On Thu, 8 Nov 2012, Lukáš Czerner wrote:

> Date: Thu, 8 Nov 2012 14:43:19 +0100 (CET)
> From: Lukáš Czerner <lczerner@xxxxxxxxxx>
> To: Dmitry Monakhov <dmonakhov@xxxxxxxxxx>
> Cc: Lukas Czerner <lczerner@xxxxxxxxxx>, linux-ext4@xxxxxxxxxxxxxxx,
>     tytso@xxxxxxx
> Subject: Re: [PATCH] ext4: Prevent race while waling extent tree
> 
> On Thu, 8 Nov 2012, Dmitry Monakhov wrote:
> 
> > Date: Thu, 08 Nov 2012 16:01:17 +0400
> > From: Dmitry Monakhov <dmonakhov@xxxxxxxxxx>
> > To: Lukas Czerner <lczerner@xxxxxxxxxx>, linux-ext4@xxxxxxxxxxxxxxx
> > Cc: tytso@xxxxxxx, Lukas Czerner <lczerner@xxxxxxxxxx>
> > Subject: Re: [PATCH] ext4: Prevent race while waling extent tree
> > 
> > On Thu,  8 Nov 2012 12:08:49 +0100, Lukas Czerner <lczerner@xxxxxxxxxx> wrote:
> > > Currently ext4_ext_walk_space() only takes i_data_sem for read when
> > > searching for the extent at given block with ext4_ext_find_extent().
> > > Then it drops the lock and the extent tree can be changed at will.
> > > However later on we're searching for the 'next' extent, but the extent
> > > tree might already have changed, so the information might not be
> > > accurate.
> > > 
> > > In fact we can hit BUG_ON(end <= start) if the extent got inserted into
> > > the tree after the one we found and before the block we were searching
> > > for.

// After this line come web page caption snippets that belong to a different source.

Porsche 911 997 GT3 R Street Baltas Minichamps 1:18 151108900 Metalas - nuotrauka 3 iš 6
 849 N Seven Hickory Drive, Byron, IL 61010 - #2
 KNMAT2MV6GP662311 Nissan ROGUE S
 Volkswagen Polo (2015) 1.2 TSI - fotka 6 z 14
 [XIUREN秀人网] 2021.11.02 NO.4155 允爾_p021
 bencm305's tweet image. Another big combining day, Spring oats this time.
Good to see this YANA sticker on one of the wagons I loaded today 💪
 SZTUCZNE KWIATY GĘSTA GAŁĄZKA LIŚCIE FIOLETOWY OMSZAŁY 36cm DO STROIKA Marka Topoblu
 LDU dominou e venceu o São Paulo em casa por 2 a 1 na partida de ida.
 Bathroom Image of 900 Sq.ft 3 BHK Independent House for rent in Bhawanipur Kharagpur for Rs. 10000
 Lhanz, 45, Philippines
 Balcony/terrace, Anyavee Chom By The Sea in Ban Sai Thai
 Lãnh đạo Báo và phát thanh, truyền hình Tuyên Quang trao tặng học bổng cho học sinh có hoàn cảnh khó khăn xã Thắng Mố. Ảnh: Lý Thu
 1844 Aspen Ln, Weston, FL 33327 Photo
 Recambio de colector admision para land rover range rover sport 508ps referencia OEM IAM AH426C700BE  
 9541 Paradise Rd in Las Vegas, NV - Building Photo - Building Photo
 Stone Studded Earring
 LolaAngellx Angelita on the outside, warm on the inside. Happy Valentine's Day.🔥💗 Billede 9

This has been reproduced by running xfstests 225 in loop on s390x
> > > architecture, but theoretically we could hit this on any other
> > > architecture as well, but probably not as often.
> > > 
> > > ext4_ext_walk_space() is currently only used from ext4_fiemap() and even
> > > if we do not hit the BUG_ON() fiemap might return scrambled information
> > > to the user.
> > > 
> > > Fix this by requiring ext4_ext_walk_space() to be called with i_data_sem
> > > held. By calling it from ext4_fiemap() we can only take the i_data_sem
> > > for read, but possibly other users might want to modify the extents so
> > > they will be able to take write lock.
> > Agree as a short term fix for BUGON case, but Theodore suggested to use
> > seqlock approach http://lists.openwall.net/linux-ext4/2011/10/26/25
> 
> Yeah, it make sense to protect us from fiemap abuse, however using
> seqlock for walking the extent tree seems like an overkill
> especially considering how much work will that require. We would
> have to make sure that everything we do in the ext4_ext_walk_space()
> and other function we're calling there is safe even if the extent
> tree change under our hands. I do not think this is the right way.
> 
> I was thinking about checking for contentions on the semaphore from
> within the ext4_ext_walk_space() - possibly enabling/disabling it
> with a function parameter ?
> 
> Sadly kernel does not provide a helper to check for that so what
> about something like this in the beginning of the while loop in
> ext4_ext_walk_space ?
> 
> if (check_contention) {
> 	int contends = 0;
> 	unsigned int flags;
> 
> 	raw_spin_lock_irqsave(&EXT4_I(inode)->i_data_sem->wait_lock, flags);
> 	if (!list_empty(&EXT4_I(inode)->i_data_sem->wait_list)
> 		contends = 1
> 	raw_spin_unlock_irqrestore(&EXT4_I(inode)->i_data_sem->wait_lock, flags);
> 
> 	if (contends)
> 		break
> }
> 
> or we can add the helper to the rwsem code and use that.
> 
> 
> What do you think ?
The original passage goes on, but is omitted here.